Contos de Antonio Carlos Viana dão aos párias sociais uma identidade incomum na literatura contemporânea
Um livro de contos pode ser simultaneamente excessivo em número de textos e adequado em acerto narrativo; é o caso de Aberto Está o Inferno (Cia. das Letras, 160 págs.), de Antonio Carlos Viana. Autor já experimentado, com tema e estilo discerníveis, Viana talvez tenha pecado por evitar o doloroso processo de expulsar do cenário os contos apenas bons, de um conjunto em que se destacavam vários excelentes. Num volume mais magro e em companhia apenas uns dos outros, estes renderiam um livro certamente memorável.
Excluindo tal aspecto, no entanto, estamos diante de um ótimo livro. Focado principalmente no mundo dos de baixo, dos perdedores da vida, interioranos ou favelados, aqueles que muitas vezes só aparecem aos olhos do leitor brasileiro no noticiário policial, e escrito num patamar confortável da língua portuguesa de nossos dias — nem alheio ao problema das diferenças de registro social da linguagem, nem submetido a um naturalismo lingüístico de tipo mimético —, Aberto Está o Inferno acerta quase sempre ao desenhar realidades ficcionais consistentes, com personagens fortes, alguns dos quais com permanência na retina do leitor para muito além do tempo da leitura.

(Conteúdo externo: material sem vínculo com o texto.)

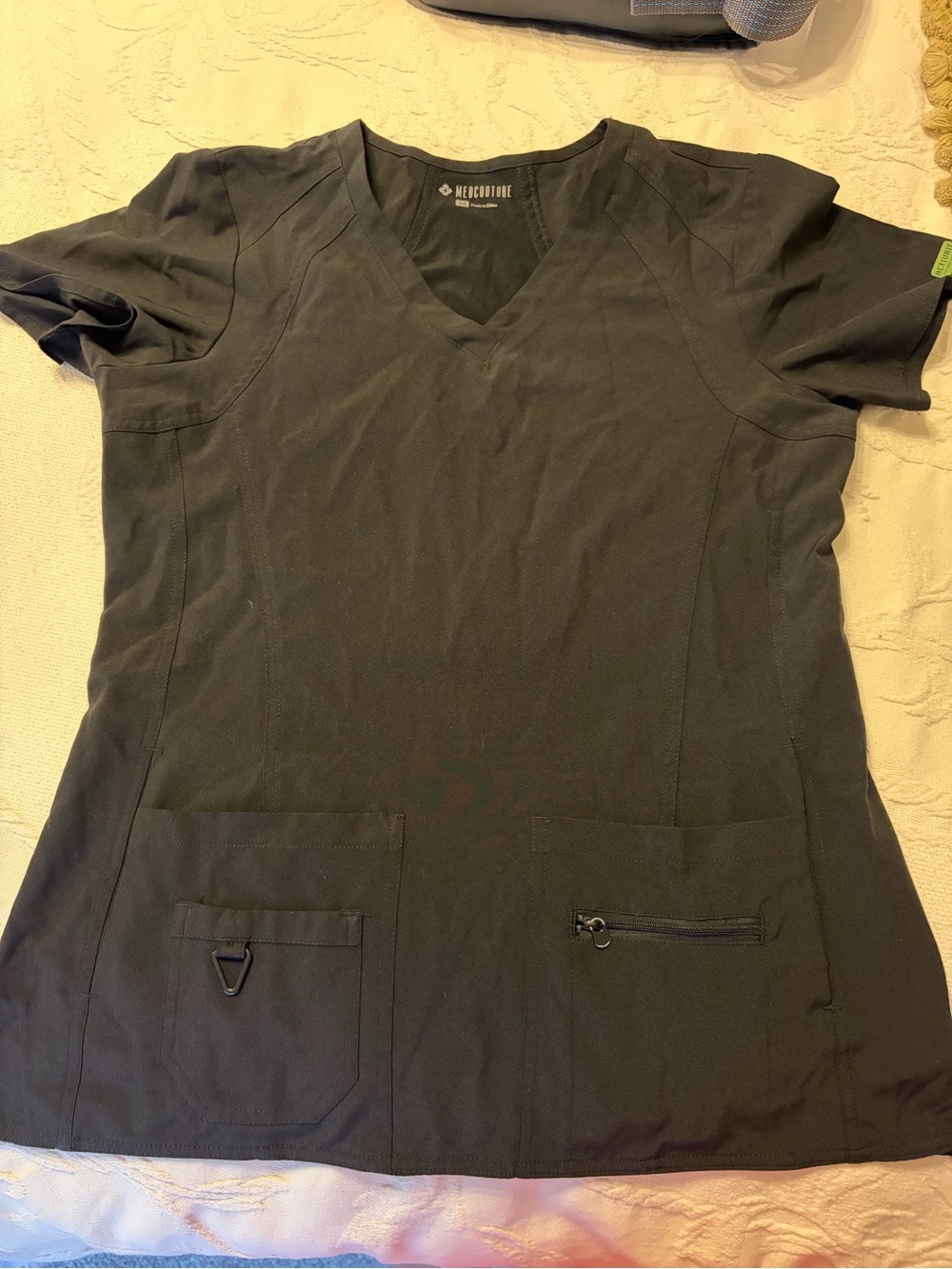 Med Couture Black V-neck Scrub Top medium - lots of pockets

Isso quer dizer que estamos bastante afastados do estilo pós-moderno que desde os anos 60 vem se comprazendo na rarefação dos dados realistas, no apagamento das personagens e na crescente sofisticação do relato dos tormentos mentais de uma primeira pessoa invariavelmente intelectualizada e sofrida, que ocupa o centro da cena e dela não se arreda nem para descansar. Viana freqüenta outra praia, ao mesmo tempo mais antiga, na linha de tantos escritores de matriz realista documental, e mais contemporânea, em companhia de toda uma leva de escritores que nos últimos anos retomou a vida dos miseráveis como tema da literatura e da arte.

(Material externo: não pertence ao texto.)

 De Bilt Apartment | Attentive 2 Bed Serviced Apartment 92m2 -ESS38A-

O autor não tem afinidade com o traço brutalista dessa ficção recente. Pelo contrário: a começar pela linguagem, e seguindo na abordagem, os contos de Aberto Está o Inferno se caracterizam por aquilo que numa época se chamava, com boa razão, de “humanismo” — a experiência humana em situações limite, com particular interesse na sensibilidade do indivíduo, independentemente de sua classe ou destino. São vários os miseráveis em centro de cenas (de crianças abusadas sexualmente a velhos solitários), mas também várias são as criaturas de classe média baixa (de adolescentes sonhadores de cidade pequena a velhinhas viciadas em filmes pornô). Em todos os casos se pode observar esse empenho em mostrar o lado irrenunciavelmente humano daquela vida, a revelar um igual a nós bem ali onde o leitor poderia esperar apenas um estranho.
E mesmo em cenas vizinhas do clichê — como a do último conto do livro, sobre um coronel interiorano que vai à zona para usufruir dos serviços das meninas recém-incorporadas —, Viana se sai bem, em geral, conseguindo alguma inventividade bem na hora em que estava escorregando para o trivial. Talvez um leitor mais exigente se aborreça com certo ressentimento contra a Igreja Católica, presente até na imagem do título; mas mesmo ele vai vibrar com a força de vida do conjunto, nos vários contos ocupados com sexo e morte, elementos comuns na vida e nem sempre acolhidos na ficção. Se duvidar, que leia apenas os dois primeiros contos — um, o poderoso encontro entre um menino e uma pobre prostituta; outro, a desesperadora percepção de um menino que vê seu pai enlouquecer ao perder seu lugar no mundo.